■ About this exercise ■
Return the full set of entries precisely. Do not carry over any pictures.

■ Records for processing ■
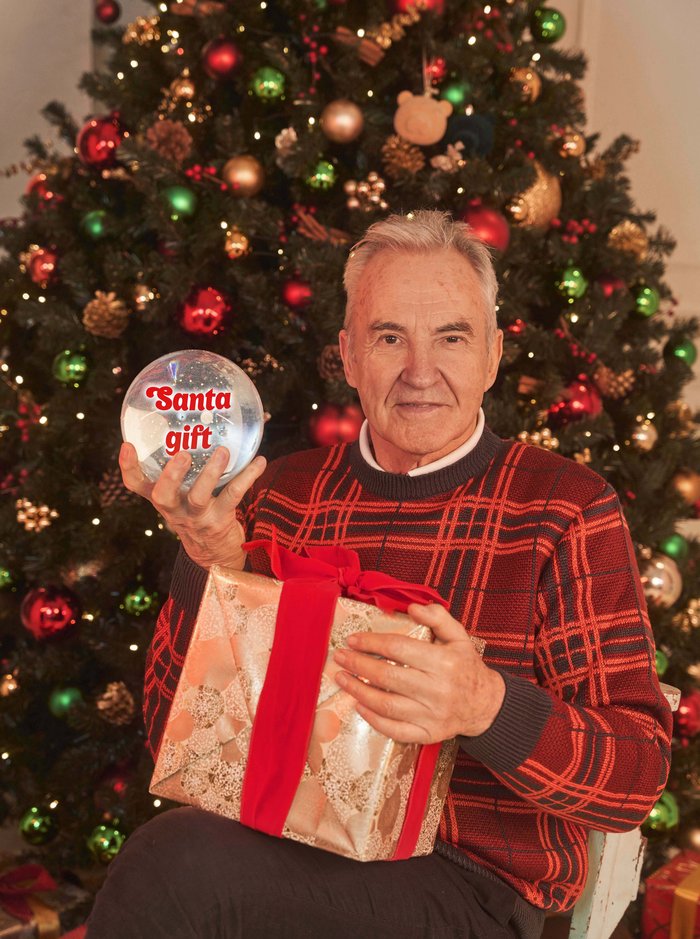 Larry Lamb sat in front of Chrsitmas tree holding a wrapped present and Snow globe that says 'Santa gift'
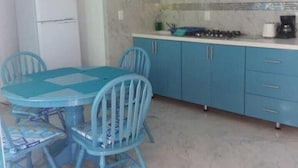 Cocina pequeña con armarios azules, un refrigerador blanco, un microondas y una estufa a gas. Hay una mesa redonda con sillas azules.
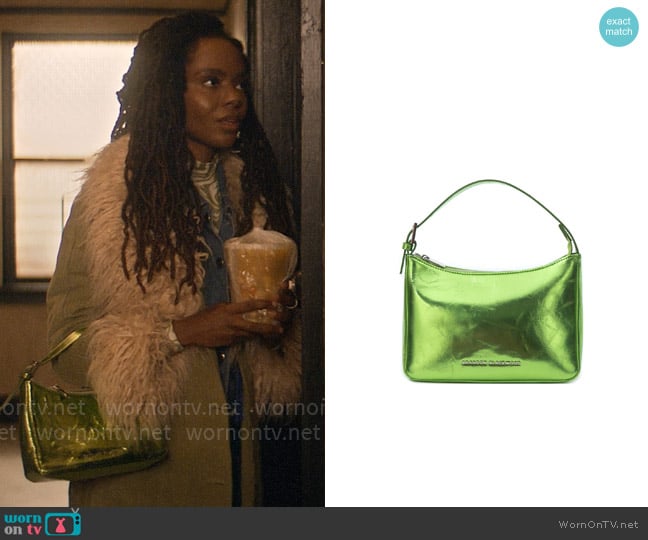 Hazel’s green metallic bag on The Other Black Girl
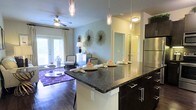 This single-floor residence offers a thoughtfully designed open-concept layout that seamlessly connects the kitchen and living areas, creating a spacious and inviting atmosphere. The kitchen is a standout feature, anchored by a large island with a striking dark granite countertop, dark espresso cabinetry with sleek hardware, and elegant pendant lighting hanging above. Stainless steel appliances add a modern, polished touch to the space.

Rich hardwood flooring flows throughout, adding warmth and continuity from the kitchen into the living area. The living space is generously sized, bathed in natural light that streams through French doors leading to the outside. A ceiling fan overhead ensures comfort year-round, while soft, neutral wall tones and tasteful décor accents — including sunburst wall art — contribute to the refined aesthetic.

The overall ambiance is both contemporary and comfortable, with a well-balanced blend of dark and light tones that create visual depth. The open sightlines between rooms enhance the sense of spaciousness, making this residence ideal for both everyday living and entertaining.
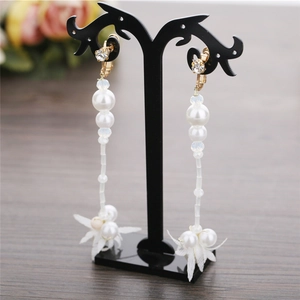 Detail view of long tassel bridal earrings with white pearls and flower petal accents
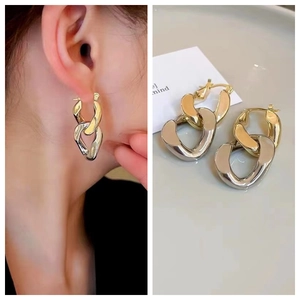 Detail of interlocking gold and silver dual-tone oval hoop earrings on model and table
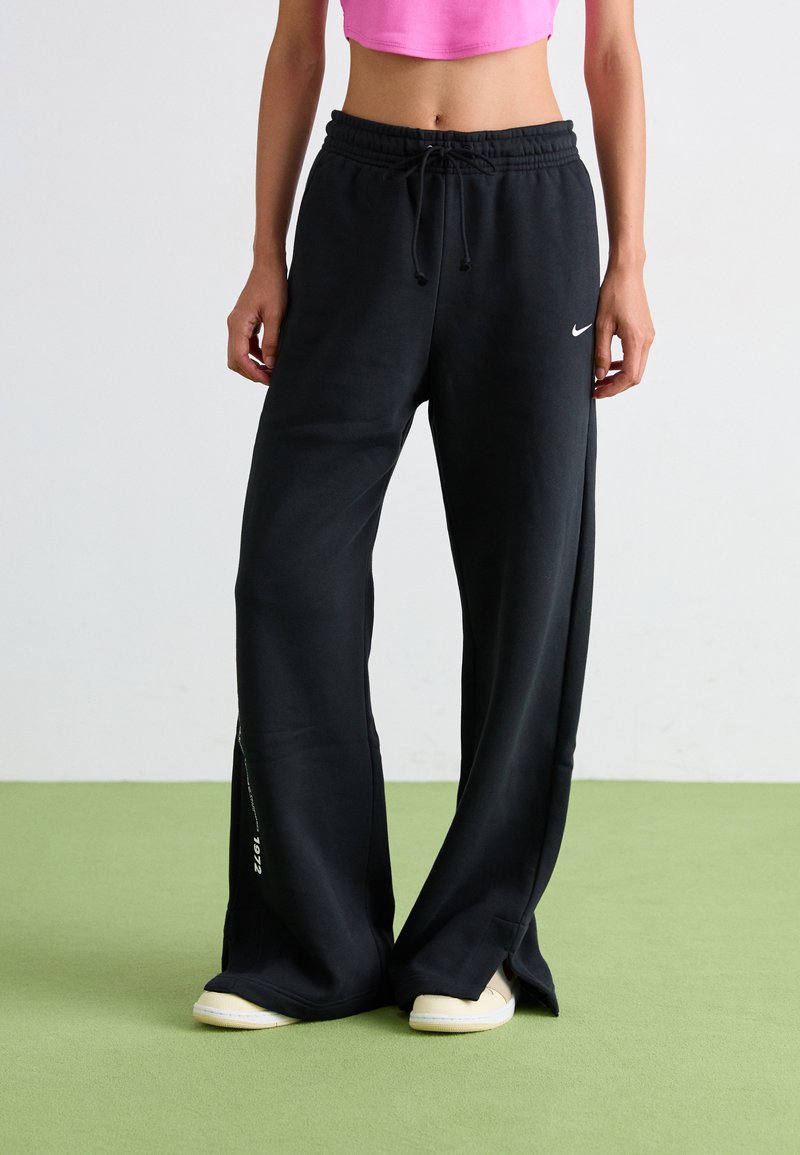 Schwarze Sweatpants aus weichem Material mit einem Kordelzugbund, weiten Beinen und seitlichen Schlitzdetails. Auffälliges Nike-Logo auf der Vorderseite.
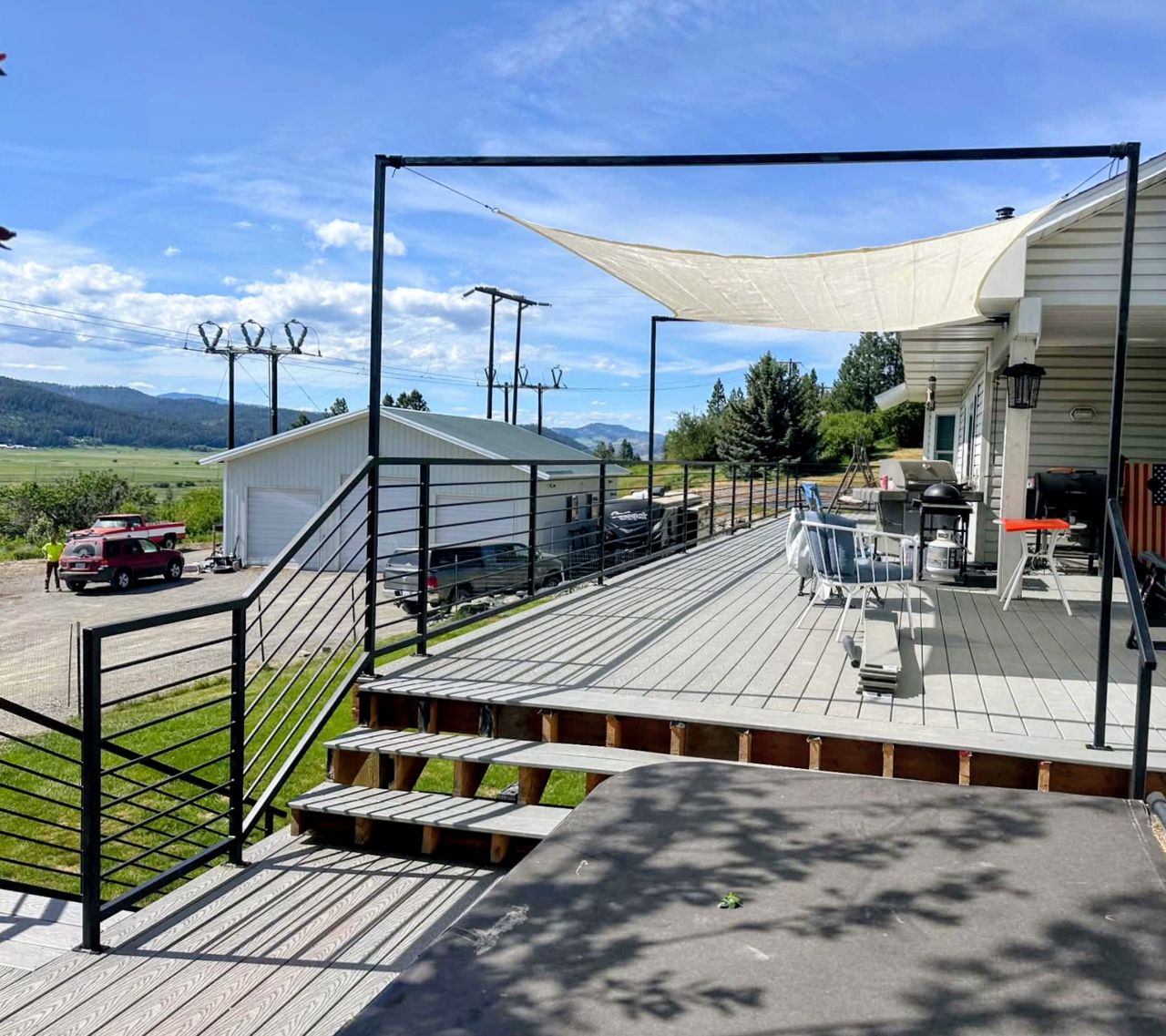 A custom 60-foot elevated residential deck showcasing dual staircases, a built-in safety gate, shop-welded steel railings, and heavy-duty structural sunshade mounts.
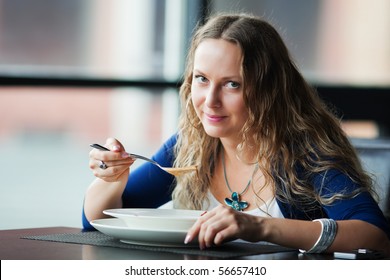 Young Woman Eating Soup.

■ The completed task ■
 Larry Lamb sat in front of Chrsitmas tree holding a wrapped present and Snow globe that says 'Santa gift'
 Cocina pequeña con armarios azules, un refrigerador blanco, un microondas y una estufa a gas. Hay una mesa redonda con sillas azules.
 Hazel’s green metallic bag on The Other Black Girl
 This single-floor residence offers a thoughtfully designed open-concept layout that seamlessly connects the kitchen and living areas, creating a spacious and inviting atmosphere. The kitchen is a standout feature, anchored by a large island with a striking dark granite countertop, dark espresso cabinetry with sleek hardware, and elegant pendant lighting hanging above. Stainless steel appliances add a modern, polished touch to the space.

Rich hardwood flooring flows throughout, adding warmth and continuity from the kitchen into the living area. The living space is generously sized, bathed in natural light that streams through French doors leading to the outside. A ceiling fan overhead ensures comfort year-round, while soft, neutral wall tones and tasteful décor accents — including sunburst wall art — contribute to the refined aesthetic.

The overall ambiance is both contemporary and comfortable, with a well-balanced blend of dark and light tones that create visual depth. The open sightlines between rooms enhance the sense of spaciousness, making this residence ideal for both everyday living and entertaining.
 Detail view of long tassel bridal earrings with white pearls and flower petal accents
 Detail of interlocking gold and silver dual-tone oval hoop earrings on model and table
 Schwarze Sweatpants aus weichem Material mit einem Kordelzugbund, weiten Beinen und seitlichen Schlitzdetails. Auffälliges Nike-Logo auf der Vorderseite.
 A custom 60-foot elevated residential deck showcasing dual staircases, a built-in safety gate, shop-welded steel railings, and heavy-duty structural sunshade mounts.
 Young Woman Eating Soup.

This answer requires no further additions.